Rohit menambahkan, dari tahun 2016-2030 diperkirakan secara global terjadi perubahan permintaan keterampilan sampai 50 persen di pasar kerja. Kemunculan AI generatif diperkirakan akan mempercepat perubahan ini.

Managing Director LinkedIn untuk Asia Pasifik Feon Ang, secara terpisah, mengamati, di Asia Pasifik sedang terjadi transformasi pasar kerja. Para pemimpin perusahaan di kawasan ini yang mau berinvestasi dalam pengembangan keterampilan AI bagi karyawan mereka akan mendapatkan keunggulan kompetitif.

”Sudah banyak pemimpin perusahaan di Asia Pasifik bersedia merekrut seseorang yang mungkin kurang berpengalaman dalam kecerdasan buatan, tetapi memiliki kemauan untuk mengembangkan keterampilan di bidang kecerdasan buatan.
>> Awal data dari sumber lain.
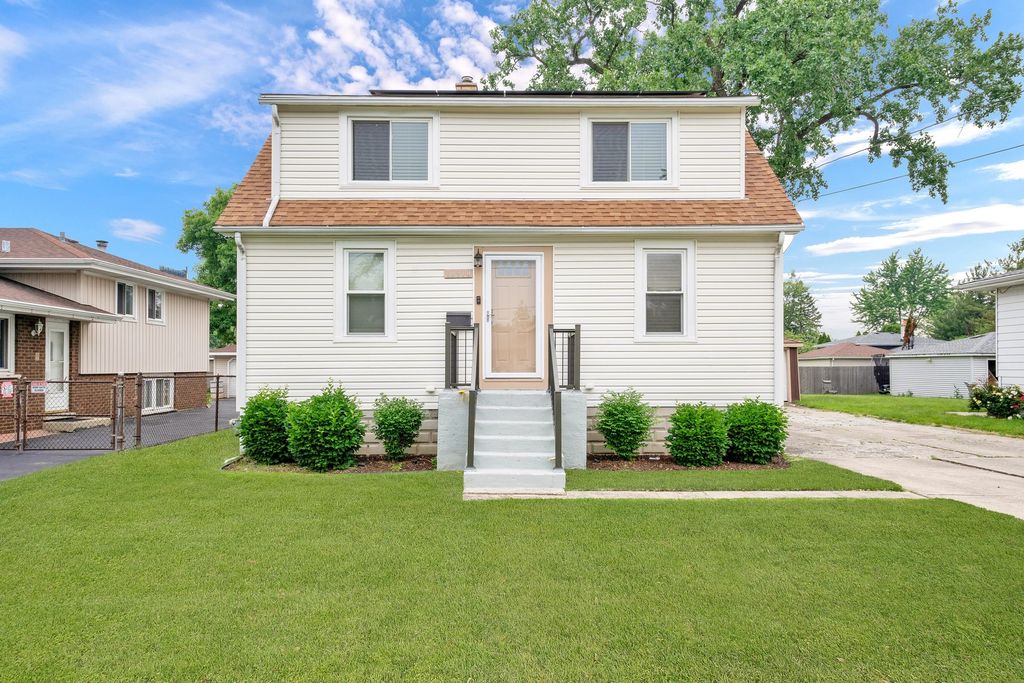 10910 S Natchez Avenue, Worth, IL 60482
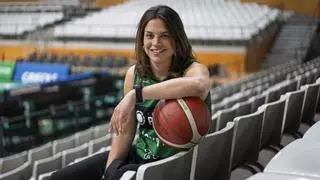 Mariona Teixidó, capitana de La Penya en su histórico ascenso: "Soy profesora y jugadora. Me da equilibrio"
Hal ini menekankan urgensi dan pentingnya tenaga kerja yang memiliki keterampilan di bidang kecerdasan buatan,” katanya.

Baca juga: Mengapa Pekerjaan ”Entry-Level” Semakin Susah Ditembus?

KOMPAS/BAHANA PATRIA GUPTA Siswa SMA Katolik Frateran membuat cerita bergambar dengan aplikasi berbasis kecerdasan buatan di Institut Sains dan Teknologi Terpadu Surabaya, Senin (10/6/2024). Dalam kesempatan tersebut, pelajar yang hadir diberi pengetahuan dasar mengenai aplikasi-aplikasi yang menggunakan kecerdasan buatan. Selain itu, pelajar juga diberi arahan untuk bijaksana dalam menggunakan aplikasi berbasis kecerdasan buatan.

Presiden Direktur Microsoft Indonesia Dharma Simorangkir menjelaskan, cakupan definisi keterampilan AI di setiap jenis profesi dan setiap sektor industri akan berbeda. Namun, fenomena yang kini sedang terjadi di pasar kerja menunjukkan, karyawan semakin dituntut mengetahui produk-produk AI dan mampu/terampil menggunakannya jika ingin tetap kompetitif di pasar kerja.

Sejumlah pemimpin perusahaan teramati cenderung enggan mempekerjakan seseorang tanpa keterampilan AI, seperti paham menggunakan produk AI generatif. Kecenderungan lainnya yang mengikuti adalah kandidat yang kurang berpengalaman tetapi terampil di bidang AI lebih disukai perusahaan.

”Jika situasi kerja menuntut cepat bekerja dan volume pekerjaan yang harus dikerjakan besar, 68 persen dari total responden karyawan yang kami survei menyatakan pasti akan kesulitan beradaptasi. Oleh karena itu, 75 persen di antara mereka mulai menggunakan teknologi kecerdasan buatan,” ujarnya.

Dharma menyebutkan, hasil survei kepada karyawan Indonesia yang ada di laporan itu menunjukkan 92 persen di antaranya telah menggunakan produk AI generatif. Lalu, 76 persen responden karyawan yang disurvei mengungkapan sudah membawa sendiri platform/perangkat AI yang mereka rasa membantu meningkatkan produktivitas kinerja.